So what do we expect to see? Here are the highlights from the 28 February webinar.
The outlook on Sino-US trade talks over tariffs has brightened recently, with the risk of escalation receding.
That said, the focus of negotiations looks set to mutate from the macro level to the micro, with the US playing hardball on the specific issue of Chinese investment in US tech companies, possibly imposing more stringent controls.
For its part, China appears to be toning down its ‘Made in China 2025’ rhetoric while remaining steadfast in its determination to move up the tech value chain.
China is refocusing and to some extent boosting its easing measures to address growth concerns. Local governments will get earlier approval for bond issuance – and look likely to be allowed to issue more.
Further guidance to banks to channel more credit to the private sector, further tax cuts, particularly in VAT, and lower reserve requirement ratios should all help to plant the seeds for growth recovery by Q2 2019.

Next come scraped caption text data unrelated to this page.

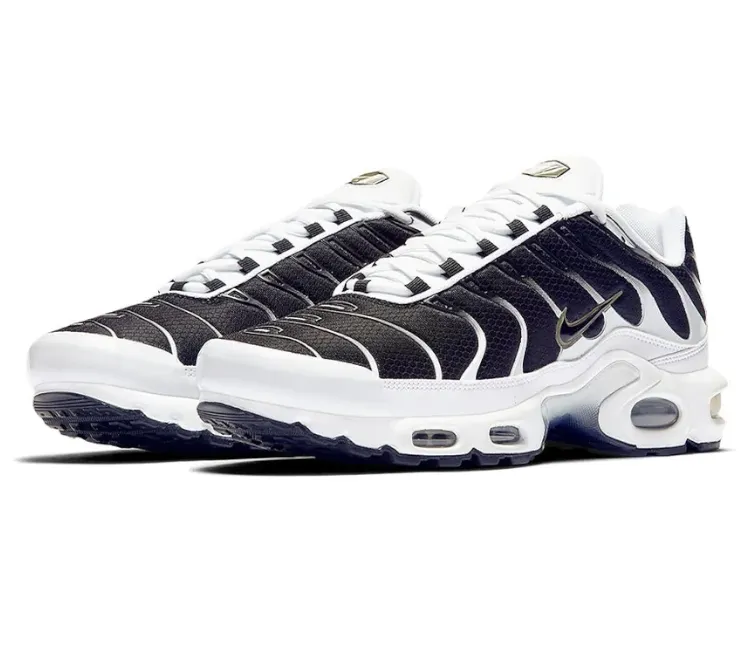Easy Clean Surface Rigidity to Flex Ratio Men's Nike Air Max Plus TN (Killer Whale)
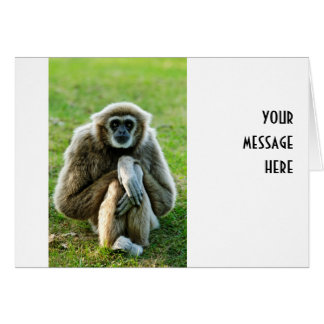 Gibbon, laten we het hebben over de betekenis van 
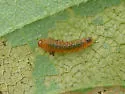 Atomacera debilis - photo 4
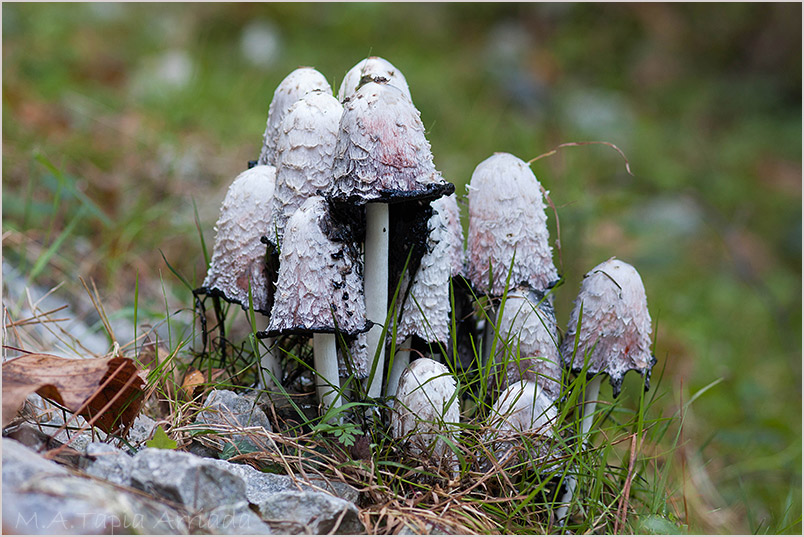 Coprinus comatus 2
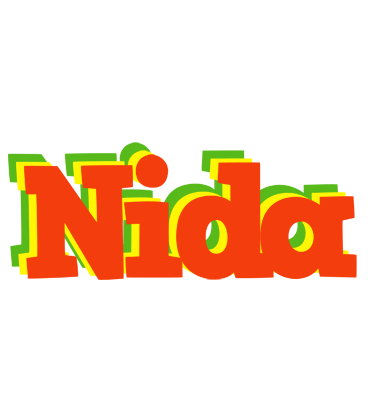 Nida bbq logo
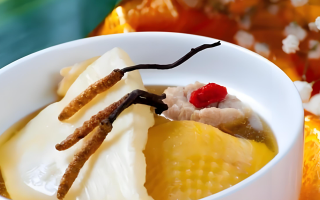 冬蟲夏草每天什么時(shí)候吃最好？一文詳解最佳食用時(shí)間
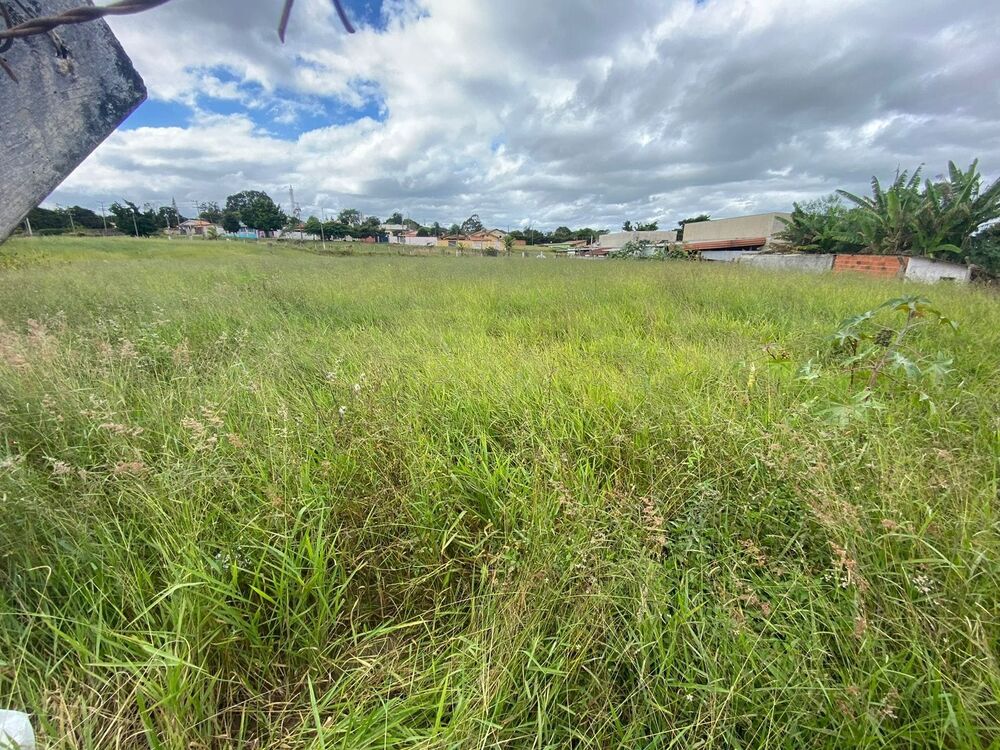 Terreno, 7000 m² - Foto 3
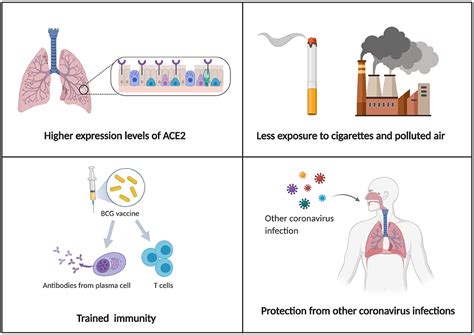 Frontiers Distinct Characteristics Of Covid 19 Infection In Children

For 2019, the outlook for growth in the US is a mixed bag, with consumption remaining solid (although momentum is flagging somewhat), and government spending probably at a peak. Weaker trade and residential investment could drag on growth. That said, while the slowdown bears watching, business and consumer activity levels remain healthy. Will there be recession? So far, productivity gains have lifted profit margins by keeping unit labour costs down, but unless those gains go further, margins could falter, leading to a scale-back of hiring and capex. Banks are also tightening lending standards on corporate loans.
Struggling to hit its inflation target – and with populism and recession making it challenging to resort to conventional quantitative easing, the Fed is considering changing its strategy to average inflation targeting (AIT). This could also be supplemented with a revised policy toolkit so as to better able to manage the next recession.
The Fed is also searching for ways to support supply-side improvements in the economy and sees some encouraging evidence in productivity and labour data, as well as the likelihood that President Trump will fill the two current Fed board vacancies with supply-side sympathisers.